*RECORDS:*
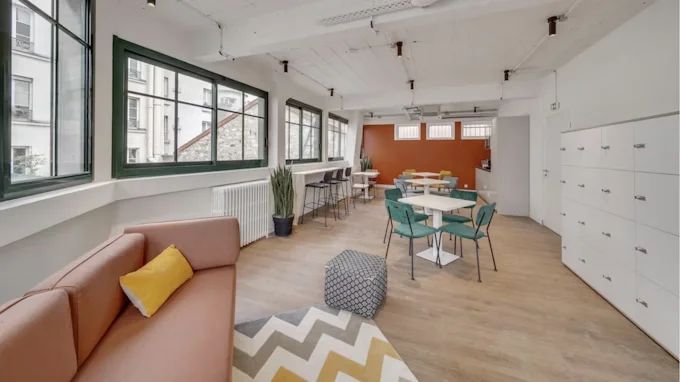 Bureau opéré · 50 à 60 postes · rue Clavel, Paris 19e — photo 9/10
...
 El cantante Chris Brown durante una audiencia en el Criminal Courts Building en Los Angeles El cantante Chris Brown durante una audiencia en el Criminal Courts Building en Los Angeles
==
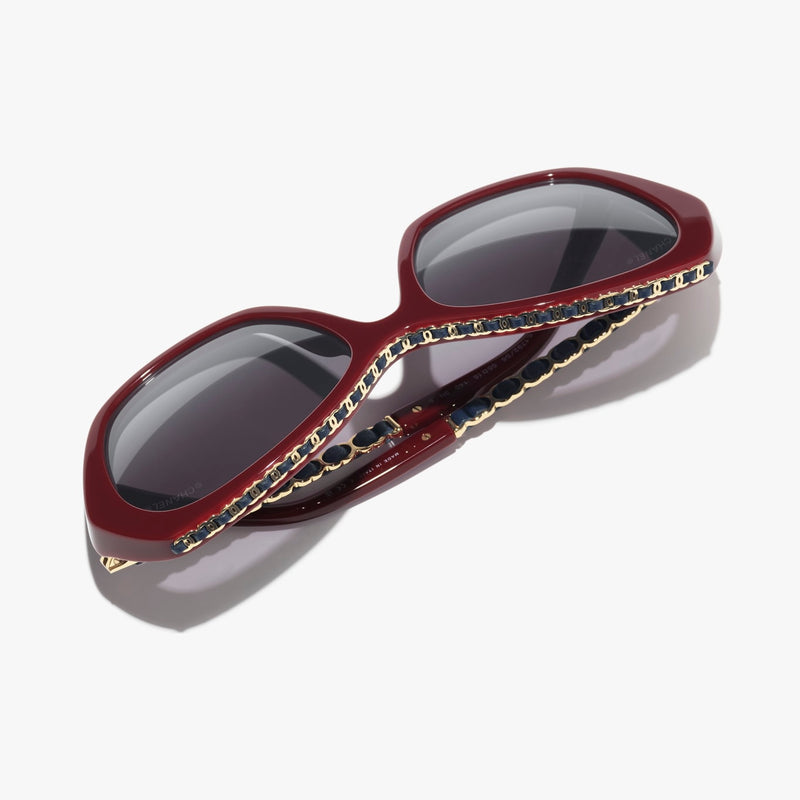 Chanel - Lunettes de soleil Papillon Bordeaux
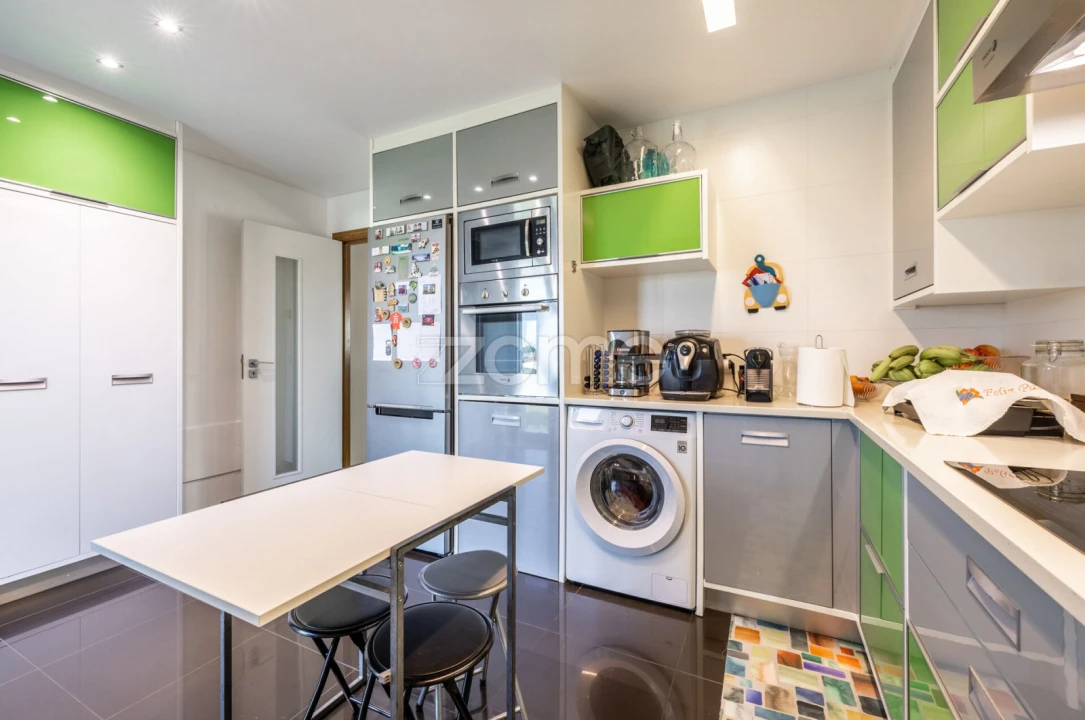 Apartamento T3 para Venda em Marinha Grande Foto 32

*TASK STATEMENT:* Between and including the line above that contains "Chanel - Lunettes" and the line that contains "Apartamento T3 para", restate every line word for word. Pictures stay out.

*EXERCISE SOLUTION:*
 Chanel - Lunettes de soleil Papillon Bordeaux
 Apartamento T3 para Venda em Marinha Grande Foto 32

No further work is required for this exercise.